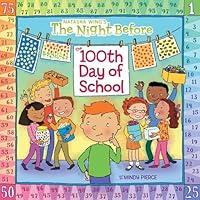 Algopix Similar Product 10 - The Night Before the 100th Day of School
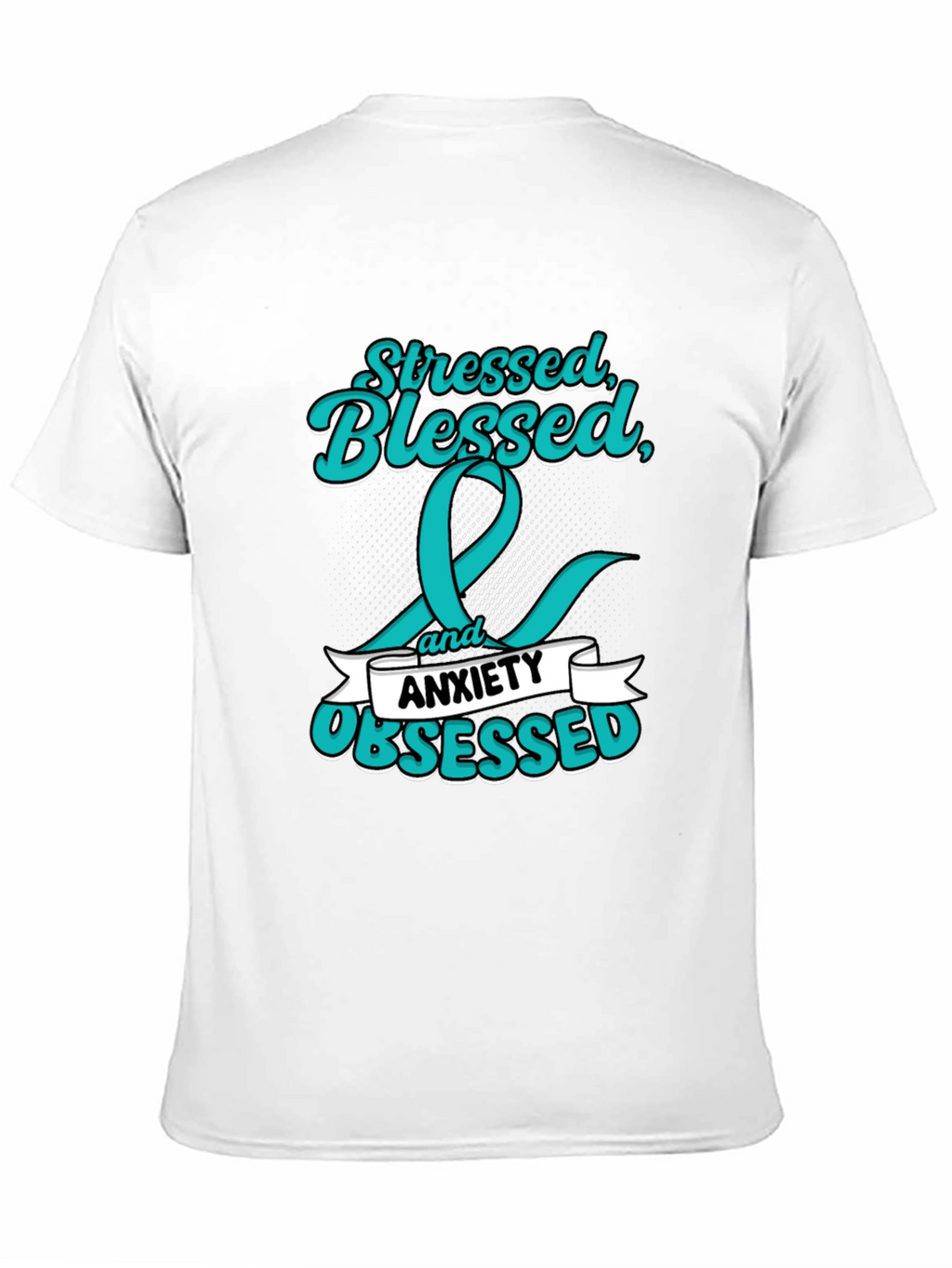 Stressed Blessed Anxiety Obsessed Graphic Tee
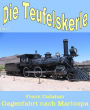 Galgenfahrt nach Maricopa: Teufelskerle Band 8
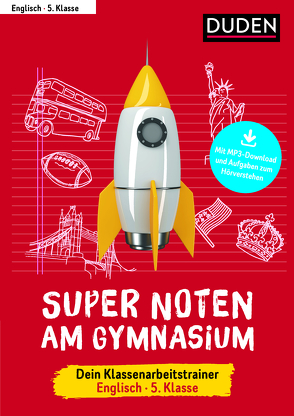 Super Noten am Gymnasium – Klassenarbeitstrainer Englisch 5. Klasse von Hock,  Birgit, Preedy,  Ingrid, Seidl,  Brigitte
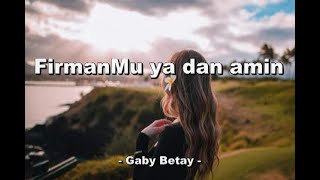Download Lagu FirmanMu ya dan amin  - Gaby Bettay - MP3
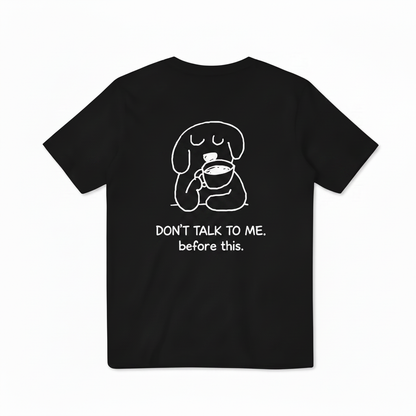 Don't Talk to Me. Before This. Tee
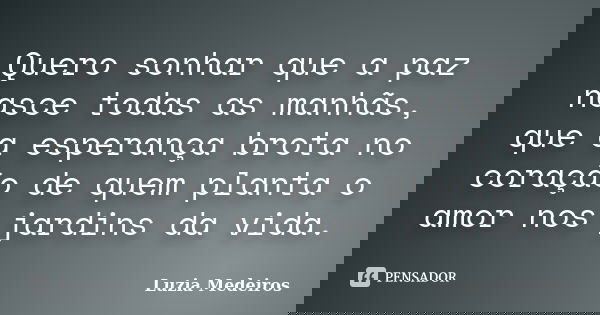 Quero sonhar que a paz nasce todas as manhãs, que a esperança brota no coração de quem planta o amor nos jardins da vida.... Frase de Luzia Medeiros.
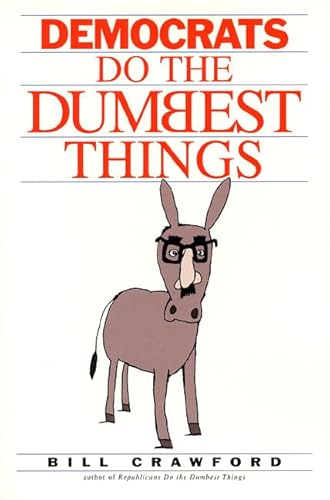 Stock image for Democrats Do the Dumbest Things for sale by Wonder Book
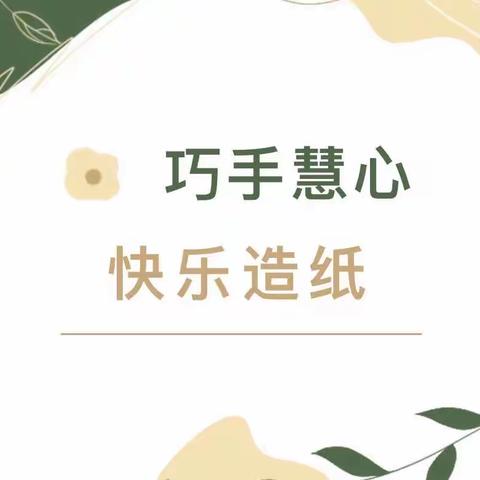 【合肥光华幼儿园】非遗文化周——巧手慧心 快乐造纸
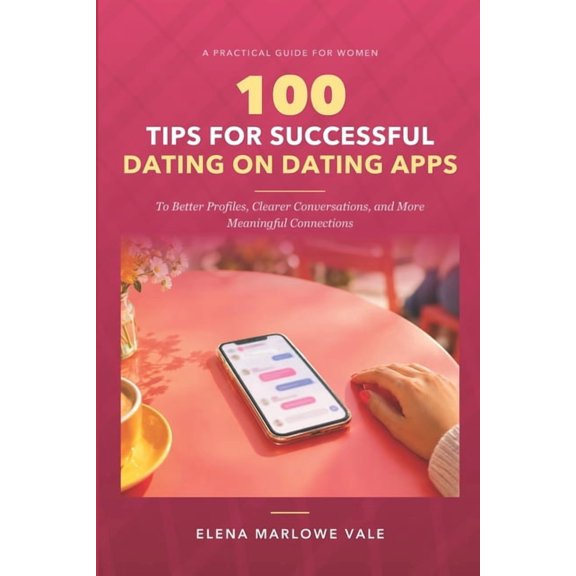 100 Tips for Successful Dating on Dating Apps: A Practical Guide for Women to Better Profiles, Clearer Conversations, an, (Paperback)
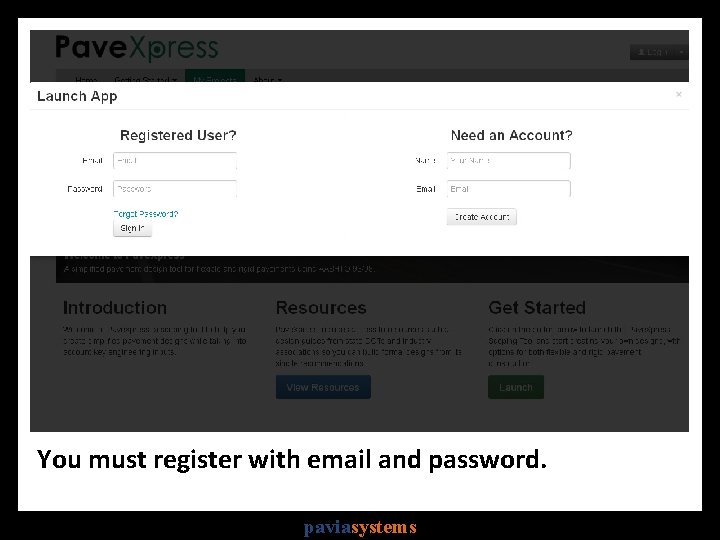 You must register with email and password. paviasystems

══════════

## What you should do
Each line from the one containing "Stock image for" through the last line above should be retyped exactly, and no other line. Any picture is to be left out.

## Exercise solution
 Stock image for Democrats Do the Dumbest Things for sale by Wonder Book
 【合肥光华幼儿园】非遗文化周——巧手慧心 快乐造纸
 100 Tips for Successful Dating on Dating Apps: A Practical Guide for Women to Better Profiles, Clearer Conversations, an, (Paperback)
 You must register with email and password. paviasystems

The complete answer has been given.